Source material below:

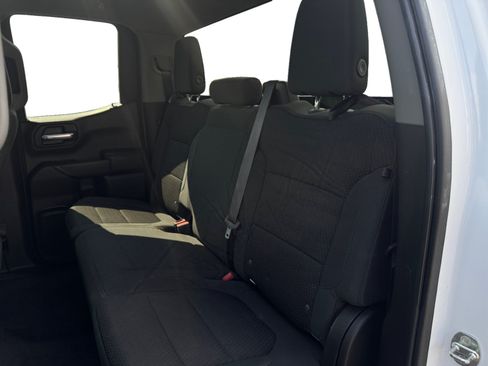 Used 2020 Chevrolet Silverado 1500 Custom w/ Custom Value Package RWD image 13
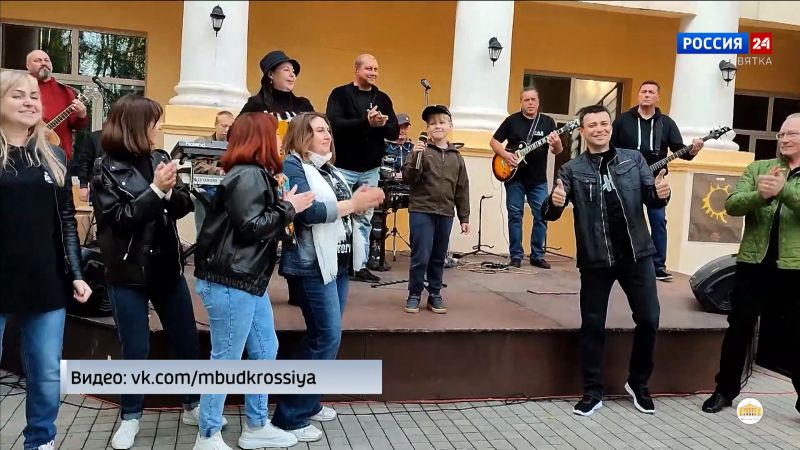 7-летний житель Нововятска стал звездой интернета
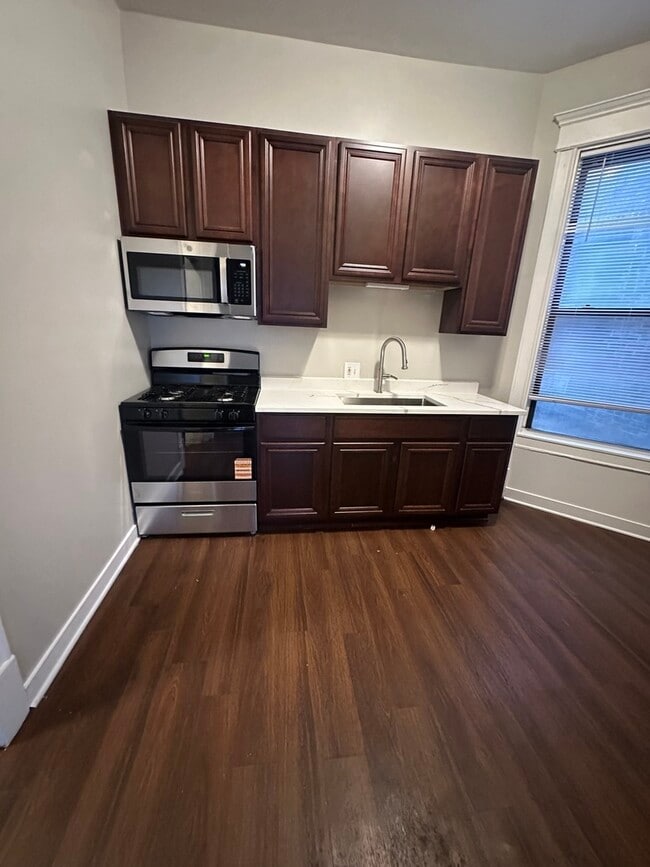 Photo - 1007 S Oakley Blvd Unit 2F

End of Source material.
Source material below:

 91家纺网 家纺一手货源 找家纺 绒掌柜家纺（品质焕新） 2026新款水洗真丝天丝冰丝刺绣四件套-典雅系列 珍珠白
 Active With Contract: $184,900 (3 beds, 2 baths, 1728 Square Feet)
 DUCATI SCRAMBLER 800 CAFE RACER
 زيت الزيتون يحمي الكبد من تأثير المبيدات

End of Source material.
Source material below:

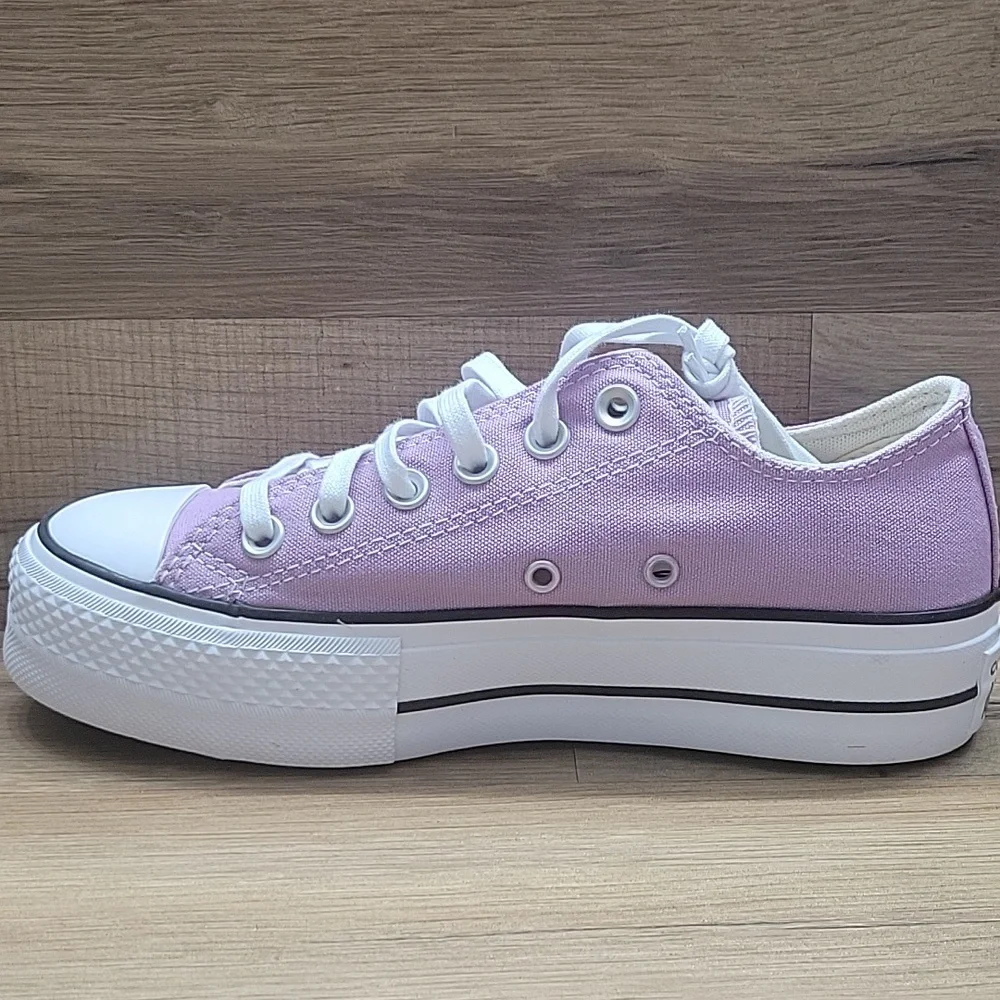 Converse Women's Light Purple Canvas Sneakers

End of Source material.

■ What this task involves: Every line above between the one containing "Used 2020 Chevrolet" and the one containing "Photo - 1007 S Oakley Blvd Unit 2F", those two included, is to be printed exactly. No pictures go into the copy.

■ Answer section:
 Used 2020 Chevrolet Silverado 1500 Custom w/ Custom Value Package RWD image 13
 7-летний житель Нововятска стал звездой интернета
 Photo - 1007 S Oakley Blvd Unit 2F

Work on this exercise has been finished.